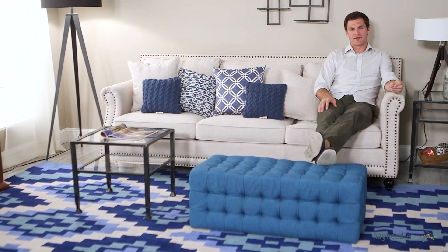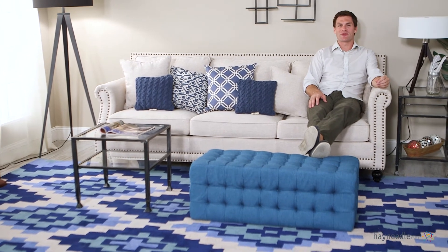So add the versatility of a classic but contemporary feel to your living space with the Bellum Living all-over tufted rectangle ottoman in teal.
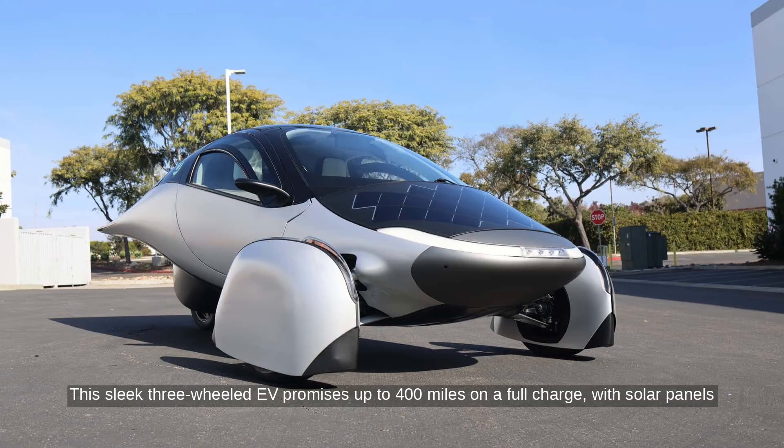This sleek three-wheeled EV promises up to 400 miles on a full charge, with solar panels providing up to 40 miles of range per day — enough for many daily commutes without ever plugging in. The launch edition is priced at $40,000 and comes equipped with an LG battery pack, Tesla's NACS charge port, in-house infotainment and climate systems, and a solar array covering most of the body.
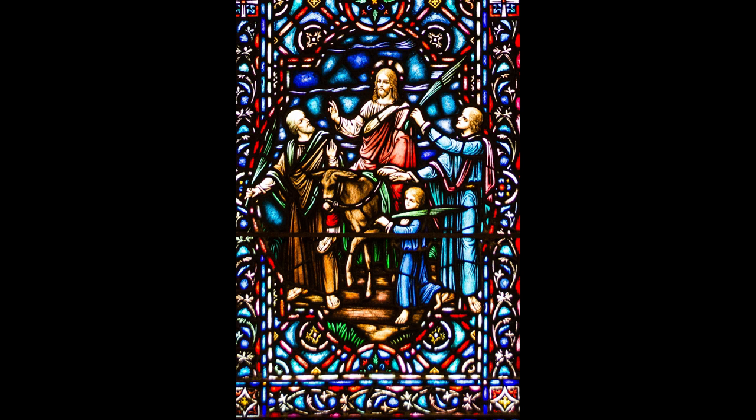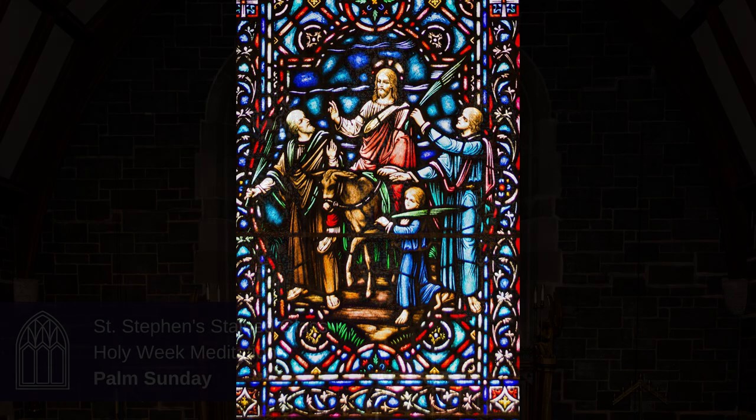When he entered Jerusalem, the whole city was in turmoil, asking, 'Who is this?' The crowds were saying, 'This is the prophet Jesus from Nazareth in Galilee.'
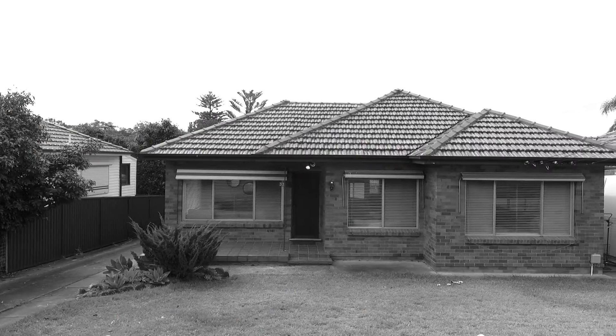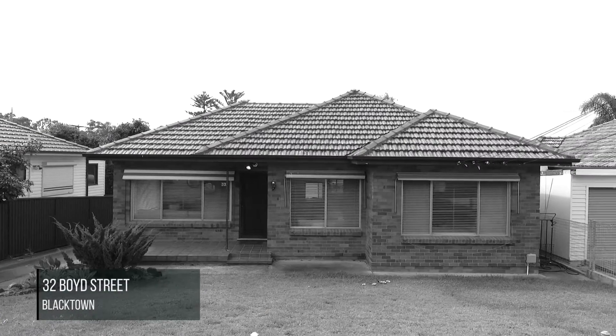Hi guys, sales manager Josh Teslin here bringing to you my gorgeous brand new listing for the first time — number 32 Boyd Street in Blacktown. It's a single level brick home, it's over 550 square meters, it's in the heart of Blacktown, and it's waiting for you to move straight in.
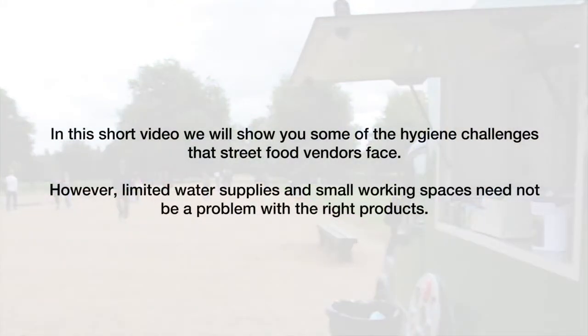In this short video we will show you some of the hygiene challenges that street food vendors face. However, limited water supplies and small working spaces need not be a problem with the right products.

──────

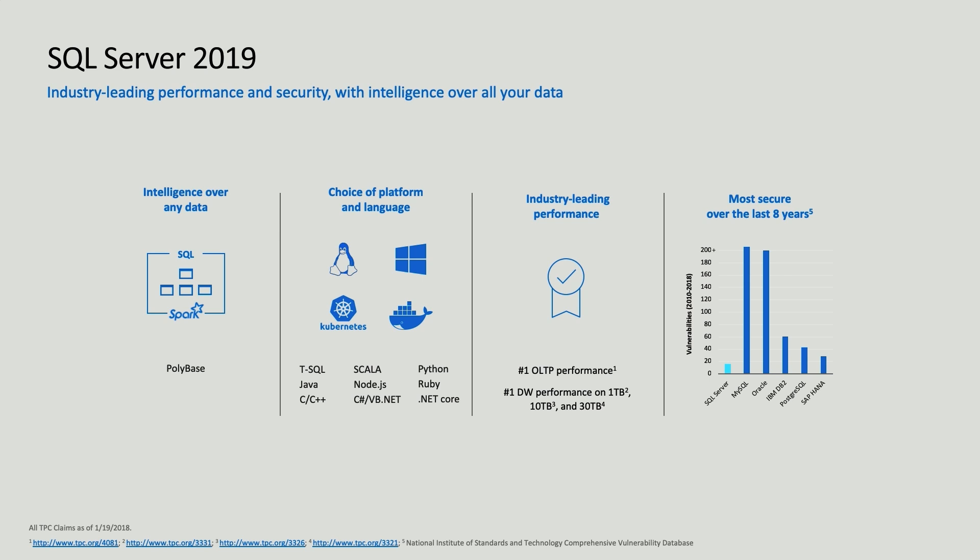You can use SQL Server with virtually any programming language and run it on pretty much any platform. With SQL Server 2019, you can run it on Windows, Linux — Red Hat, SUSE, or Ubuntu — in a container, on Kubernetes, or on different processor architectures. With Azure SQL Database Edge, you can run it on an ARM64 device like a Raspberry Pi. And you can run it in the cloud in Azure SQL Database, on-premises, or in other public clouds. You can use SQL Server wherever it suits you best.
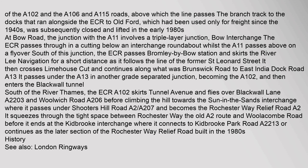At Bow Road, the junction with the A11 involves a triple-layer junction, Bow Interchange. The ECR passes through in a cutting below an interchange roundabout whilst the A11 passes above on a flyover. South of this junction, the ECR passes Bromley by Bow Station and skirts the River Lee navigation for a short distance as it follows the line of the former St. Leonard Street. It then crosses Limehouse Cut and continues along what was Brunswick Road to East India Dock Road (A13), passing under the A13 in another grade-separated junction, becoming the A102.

──────

YOUR TASK: Taking the entries above, extract every line from the one bearing "Hi guys, sales" through the one bearing "In this short", exactly, with no pictures.

RESPONSE TO THIS TASK:
Hi guys, sales manager Josh Teslin here bringing to you my gorgeous brand new listing for the first time — number 32 Boyd Street in Blacktown. It's a single level brick home, it's over 550 square meters, it's in the heart of Blacktown, and it's waiting for you to move straight in.
In this short video we will show you some of the hygiene challenges that street food vendors face. However, limited water supplies and small working spaces need not be a problem with the right products.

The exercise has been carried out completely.